**What you are asked to do**
The lines below, from the one holding "Yury Gagarin: Life" through the one holding "Tersangka Riando Fransiskus", are to be restated word for word, with all images left out.

**Record extracts**
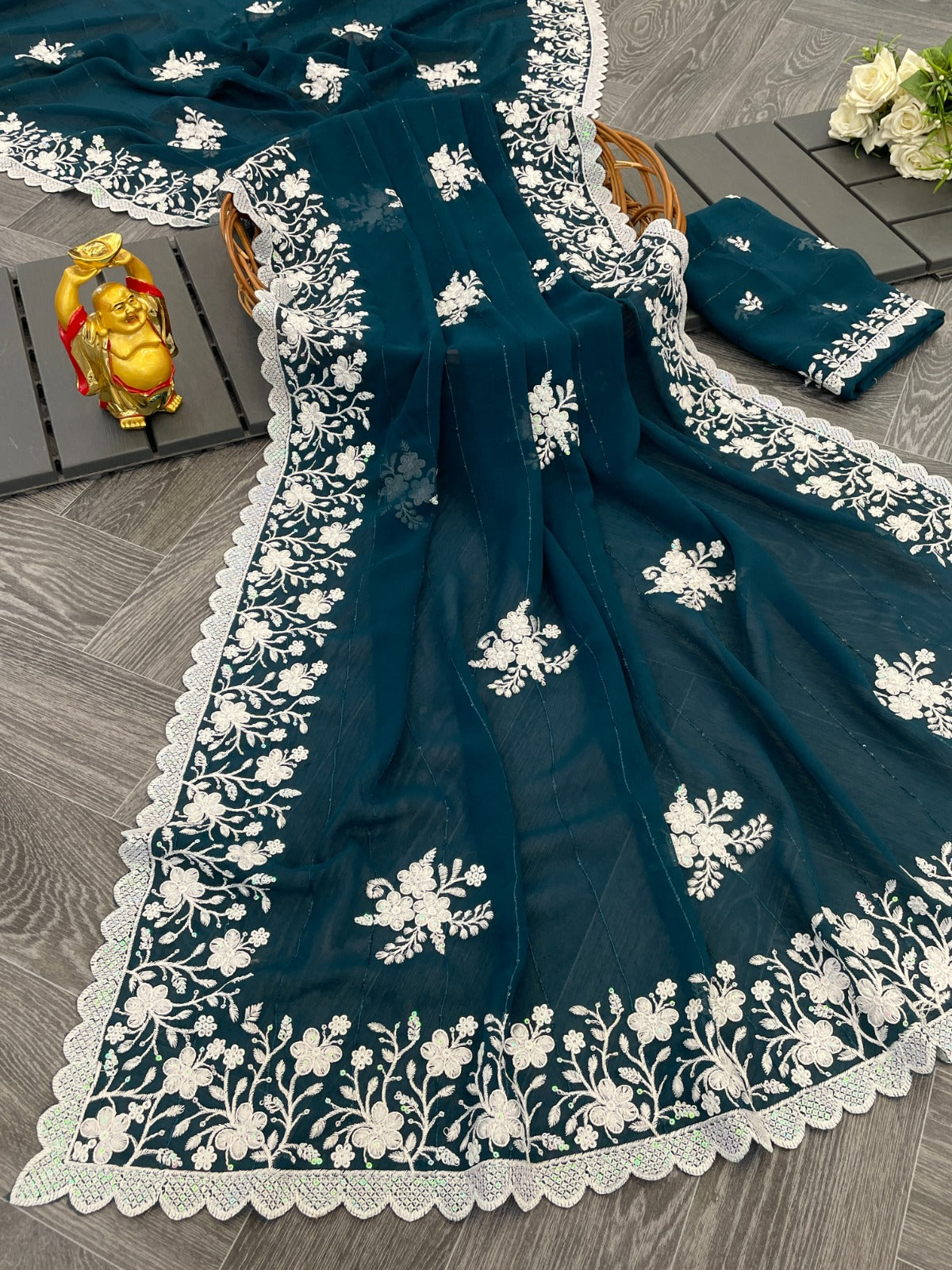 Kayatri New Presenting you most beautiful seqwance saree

--

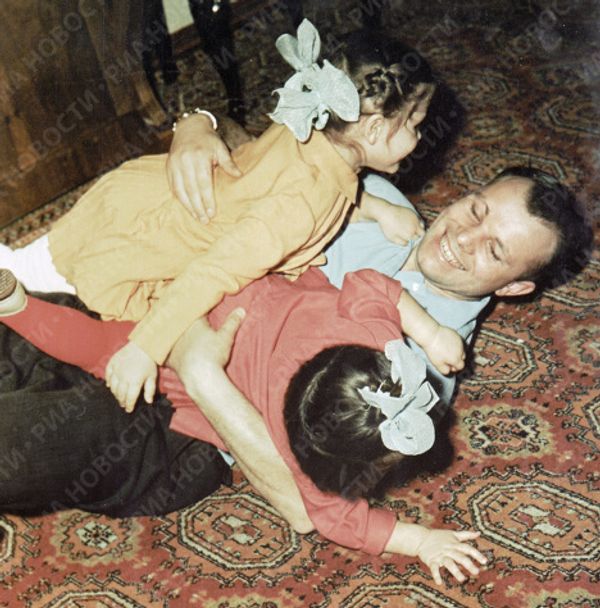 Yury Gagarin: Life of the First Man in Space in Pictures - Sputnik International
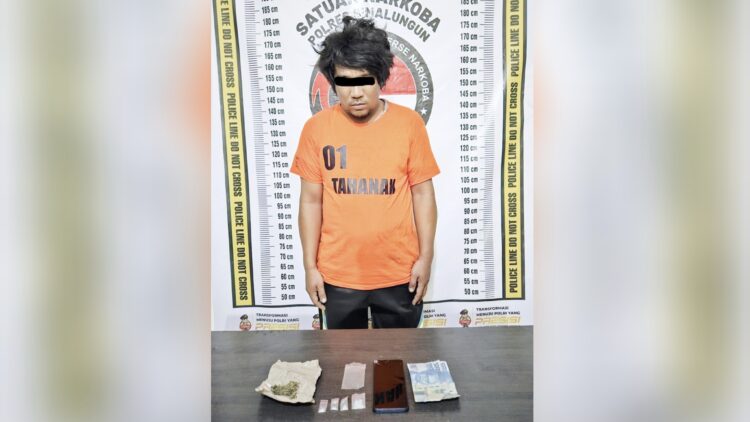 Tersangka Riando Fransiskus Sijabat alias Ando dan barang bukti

**Exercise result**
 Yury Gagarin: Life of the First Man in Space in Pictures - Sputnik International
 Tersangka Riando Fransiskus Sijabat alias Ando dan barang bukti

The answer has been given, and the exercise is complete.